このCharge Musicのラインはこの曲のエンディングに登場するが、カーラのこの曲のイントロは5拍子捻りの似て非なるものだ。音列も違うのに聴衆は何が始まるのか即座に察知できるところがすごい。採譜をご覧ください。
次に続くのがイントロの発展と思いきや、なんとこの曲のヘッド (日本ではテーマ) だ。このヘッドがまたすごい。一度聴いたら頭から離れないのだ。
まずこれがヘッドの第一テーマの前半だ。繰り返しで最後4小節のメロディーが変更されているが、フォームは同じだ。まず目に着くのは、イントロの変拍子が移動しているだけでなくイントロの2フレーズ目、つまりモチーフの第一展開のDドリアンのモチーフから始まっており、イントロの頭でわざとそれを外していたというわけなのだが、聞き流すと全く気が付かないほど小さな細工なのだ。変拍子の移動すら自然に聴こえる。そして、この第一テーマの前半が変拍子のストップタイム、後半は3対2フレーズでグルーヴという細工だ。なんてオシャレだろう。カーラ凄すぎである。
このコード進行にご注目頂こう。ドミナントコードとそれに対して半音上に位置するSubVコードがこの曲のメインテーマだ。後述するソロセクションで説明する。ヘッドの17小説目から始まる第二テーマを見てみよう。
5/8小節モチーフの位置でお分かりのように、第一テーマでは2小節フレーズだったのが第二テーマでは3小節フレーズに発展し、それを二回繰り返す6小節フレーズと中途半端にし、8小節から2小節足りないことからストップタイム感を見事に強調している。もうひとつ注目すべきはコードだ。1小節目も2小節目もF#7コードだが、メロディーが示唆するテンションが違う。最初の小節はCナチュラルがメロディーなので#11コードとも考えられるが、カーラは♭9をヴォイシングしているのでCナチュラルは♭5扱いになり、これはオルタード・コードと判断するが、2小節目のメロディーはDとF#、つまりb13とナチュラル9thだ。つまりこれはオルタード・コードではない。筆者が想像するに、カーラは二階建てコードを想定しているのだと思う。1階(例えば左手)がF#7、2階(例えば右手)がD7だ。筆者の大好きなタイプのサウンドだ。もうひとつ、ベースラインの最後の音は付点8分音符で次のコードを先取りしているが、これがコードとぶつかってなんともふわふわ感を醸し出している。オシャレだ。続いてヘッドの第一テーマがもう一度再現されてソロ・セクションに入る。

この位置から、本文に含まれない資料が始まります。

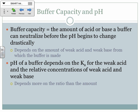Buffer capacity is different from the pH of the solution. Buffer capacity is about how much acid or base you can put into the solution before the pH starts to change drastically. That depends on the amount — how much weak acid and weak base we have. The pH of the buffer depends on the ratio between the two, not the amount.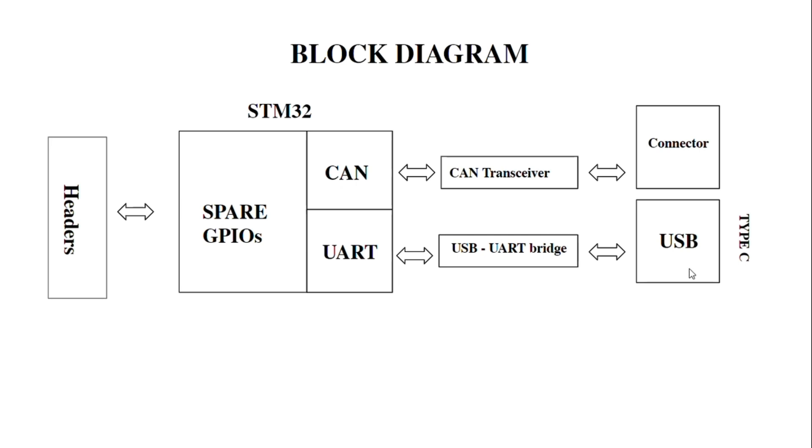I've used a Type-C connector because it's widely used these days in mobile chargers and other things. You'll find Type-C cables and connectors very easily. The Type-C connector provides two functions: the main function is to supply power to the board.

さて、今回この曲を選んでみたかった理由のひとつに、このソロ・セクションのコード進行にやけに惹かれたのだ。ソロは最初にLarry Goldings (ラリー・ゴールディングス) のB3、次にカーラのピアノ、最後にGary Valente (ゲイリー・ヴァレンテ) の強力なトロンボーンソロだ。この比較的長いソロフォームで全く飽きない展開に実に感心したのだ。採譜してみた。
ご覧のようにフォーム自体は順当な【A】【A】【B】【A】形式だが、全てがドミナントコードとそのSubVコードで、全てが2度でふわふわと移行し、最後の【A】は最初の【A】と全く同じなので切れ目感がゼロという、ソロイスト泣かせの進行だ。このアイデアはすごいと思った。しかも、最初聴いた時脳みそがふわふわ状態に陥り全く気が付かなかったのだが、聴き返すとなんと3人ともソロのコード進行が違うではないか。カーラのソロのコード進行を採譜した。フォームはなんと二倍の長さだ。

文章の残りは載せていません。